22.10.2022
„Ich will euch Zukunft und Hoffnung geben“. Dieses Leitwort des heutigen Weltmissionssonntages aus dem Mund des Propheten Jeremia ist auch die Hoffnungs- und Lebenszusage Jesu an die Menschen in den Elendsvierteln in Kenia, denen heute unsere Aufmerksamkeit, unser Gebet und unsere Solidarität gilt. Und es ist eine Hoffnungs- und Lebenszusage an uns alle.
Auf die Sichtweise kommt es an! So könnten wir als Titel über das heutige Evangelium schreiben. Je nachdem, wie ich drauf bin, wie es mir geht, wie ich mich fühle, sehe ich mich morgens im Spiegel. Das kann jeden Tag anders sein. Auch meine Mitmenschen nehmen mich ganz unterschiedlich wahr, sehen mir an, was mit mir los ist. Und im Blick auf Gott, da geht es uns doch oft so wie den beiden Männern, die uns im heutigen Evangelium begegnen. Da schlagen doch oft zwei Herzen in unserer Brust.
Da ist der Pharisäer, der stolzen Herzens dafür dankt, dass er ein so guter Mensch ist. Und da ist der Zöllner, der reumütig nach unten blickt und ruft: „Gott, sei mir Sünder gnädig!“ Jeder der beiden sieht sich anderes. Auf die Sichtweise kommt es eben an.
Der Pharisäer schaut in seinem Beten Gott gar nicht an. Er sieht nur sich selbst und sein gutes Handeln. Gott wird zu einer Bauchredner-Puppe degradiert, die lediglich das bestätigen soll, was der Pharisäer ihm in den Mund legt.
Der Zöllner dagegen schaut auf Gott und versucht, aus dem Blickwinkel Gottes auf sich selbst zu schauen. Dabei geht ihm auf, dass er das Erbarmen Gottes für sich benötigt und so ruft er: „Gott, sei mir Sünder gnädig!“ – Auf die Sichtweise kommt es eben an.
Und wie sieht Gott uns an? Welche Sichtweise hat er von uns Menschen?

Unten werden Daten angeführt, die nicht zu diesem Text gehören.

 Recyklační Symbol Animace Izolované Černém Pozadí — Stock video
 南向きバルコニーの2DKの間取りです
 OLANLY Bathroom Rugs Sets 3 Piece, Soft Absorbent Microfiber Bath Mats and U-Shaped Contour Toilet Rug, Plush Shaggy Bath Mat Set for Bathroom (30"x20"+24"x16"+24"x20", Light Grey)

Darauf gib uns die Erzählung im Evangelium eine Antwort:
Gott schaut nicht auf das Äußere, sondern er blickt in das Herz des Menschen hinein. Er zählt nicht unsere vermeintlichen Leistungen und beantwortet sie mit Lohn oder Strafe. Er wendet sich dem zu, der sich ehrlich und wahrhaftig vor ihn stellt. Jesus bringt uns somit seinen Vater näher als einen Gott, vor dem wir Menschen sein dürfen, wie wir sind; vor dem wir uns nicht verstecken müssen, wenn in unserem Leben etwas nicht in Ordnung ist.

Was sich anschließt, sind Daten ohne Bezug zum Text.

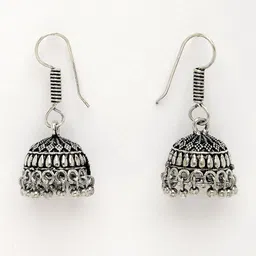 Sangria Women Silver Toned Floral Shape Oxidized Necklace with Jhumka Earrings image 2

Dieser Gott lehnt uns nicht ab, auch wenn andere uns ausgrenzen oder auf uns herabblicken. Er ist ein Gott, der sich uns Menschen mit Barmherzigkeit zuwendet. Ein Gott, der ein offenes Herz hat für die Nöte und Sorgen. Ein Gott, der uns Leben ermöglichen möchte und Hoffnung zu teil werden lässt.

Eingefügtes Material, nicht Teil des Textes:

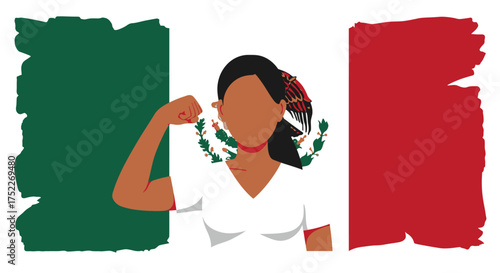 Woman flexing arm against the backdrop of a Mexican flag, symbolizing strength and national pride.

„Ich will euch Zukunft und Hoffnung geben“. Dieses Leitwort des heutigen Weltmissionssonntages aus dem Mund des Propheten Jeremia ist auch die Hoffnungs- und Lebenszusage Jesu an die Menschen in den Elendsvierteln in Kenia, denen heute unsere Aufmerksamkeit, unser Gebet und unsere Solidarität gilt. Und es ist eine Hoffnungs- und Lebenszusage an uns alle.
Auf Gott zu schauen und von seiner Sichtweise aus auf uns und die Mitmenschen in unserem Umfeld und in der weiten Welt zu schauen, das kann hilfreich sein. Denn dann schauen wir mit den liebenden Augen Gottes auf die Welt, auf die Menschen, auf uns selbst. Dann können wir auch auf die Sorgen und Nöte der anderen Menschen, auf ihrer Unvollkommenheit schauen und barmherzig – gerecht mit ihnen umgehen.
In diesem Sinne dürfen wir uns heute am Weltmissionssonntag in ganz besonderer Weise unserer Verantwortung als Christinnen und Christen bewusst werden. Schauen wir auf das Fundament unserer Schauen wir auf das Fundament unserer Sichtweise, das die Triebfeder unseres Betens und Handelns sein soll: nämlich die rechte und gerechte Beziehung zu Gott. So können wir einander Schwestern und Brüder im Glauben werden. Gott möge uns dabei behilflich sein und uns immer wieder neue Hoffnung und Zuversicht schenken.